### EXERCISE AIM
Pictures aside, every line of the listing should be given again exactly.

--- SUPPLIED DATA Enclosed Below ---

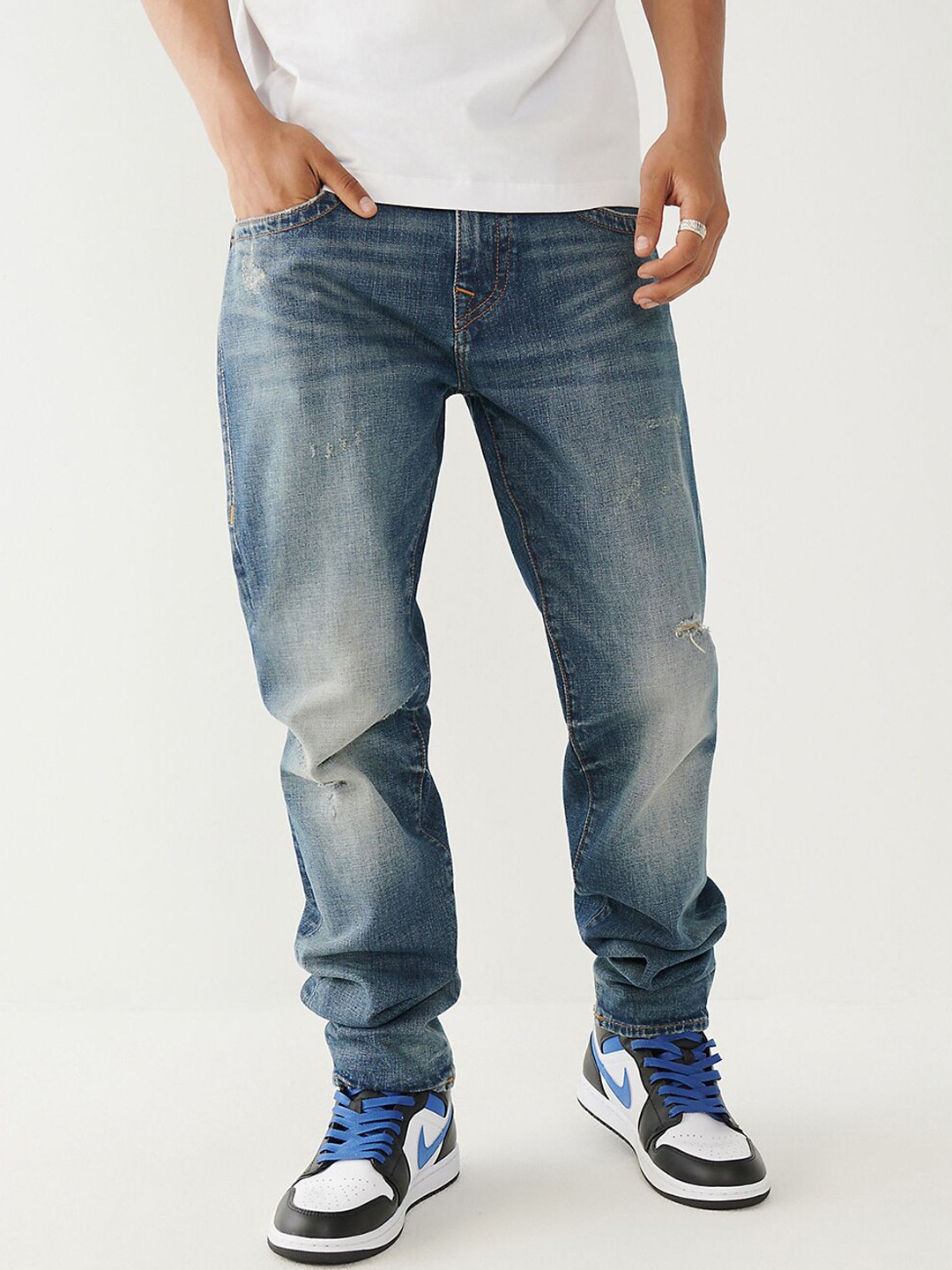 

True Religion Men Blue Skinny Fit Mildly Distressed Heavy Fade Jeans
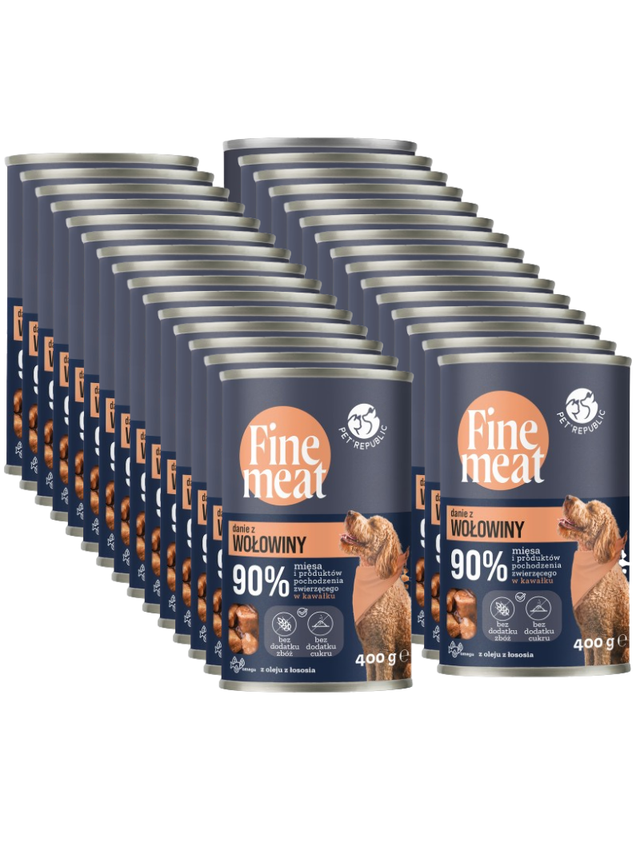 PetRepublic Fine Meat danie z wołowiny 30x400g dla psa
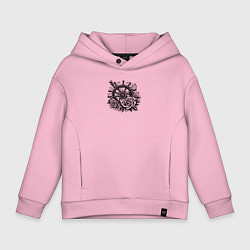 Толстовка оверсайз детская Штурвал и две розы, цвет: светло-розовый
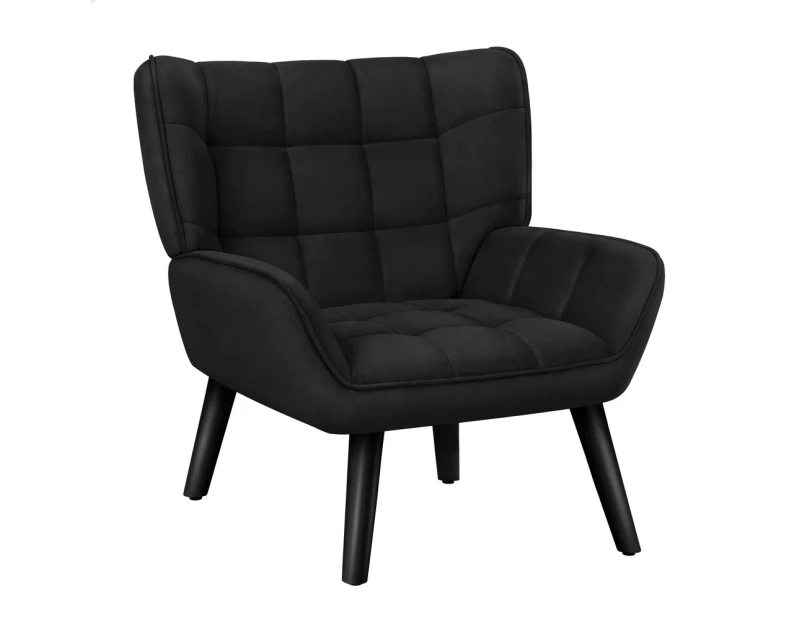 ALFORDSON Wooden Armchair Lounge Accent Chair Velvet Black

--- End of Enclosed SUPPLIED DATA ---

### RESULT
True Religion Men Blue Skinny Fit Mildly Distressed Heavy Fade Jeans
 PetRepublic Fine Meat danie z wołowiny 30x400g dla psa
 Толстовка оверсайз детская Штурвал и две розы, цвет: светло-розовый
 ALFORDSON Wooden Armchair Lounge Accent Chair Velvet Black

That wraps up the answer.